Assim, a proporção de empresários com estoques adequados alcançou 53,5%, mantendo-se acima dos 50% pelo quarto mês consecutivo, mas ainda abaixo dos 60% a 65% vistos em momentos de boas vendas. Os dados são do Índice de Estoques (IE) da FecomercioSP, que capta a percepção dos comerciantes sobre o volume de mercadorias estocadas nas lojas, e varia de zero (inadequação total) a 200 pontos (adequação total). A marca dos cem pontos é o limite entre inadequação e adequação.
A parcela deempresários que afirma estar com estoques acima do adequadoapresentou pouca variação, de -0,3 ponto porcentual (p.p), na comparação com julho, atingindo 32,4%. Já os que disseram estar com o nível de mercadorias abaixo do ideal ficou estável, em 13,9%. Entre abril e maio, houve uma aceleração do ajuste de estoques que culminou em quedas, e em junho, julho e agosto houve praticamente uma estabilização (FecomercioSP).

Confiança da Indústria cresce 1,5 ponto, indica prévia da FGV

O Índice de Confiança da Indústria cresceu 1,5 ponto e chegou a 92,3 pontos em uma escala de zero a 200 na prévia de agosto do indicador. Segundo a FGV, a melhora do índice foi provocada por um aumento da confiança dos empresários tanto no presente quanto no futuro. O Índice da Situação Atual, que avalia a opinião dos empresários da indústria em relação ao momento presente, cresceu 0,9 ponto na prévia e atingiu 89,3 pontos. Já o Índice de Expectativas, que analisa a opinião deles em relação ao futuro, aumentou 1,9 ponto e chegou a 95,3 pontos.
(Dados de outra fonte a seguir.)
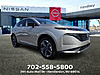 New 2026 NISSAN MURANO SL in HENDERSON, NEVADA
O resultado preliminar de agosto indica queda de 1 ponto percentual no Nível de Utilização da Capacidade Instalada da Indústria, que foi para 73,7%. Para a prévia de agosto foram consultadas 788 empresas entre os dias 1 e 18 deste mês. O resultado final da pesquisa será divulgado na próxima terça-feira (29) (ABr).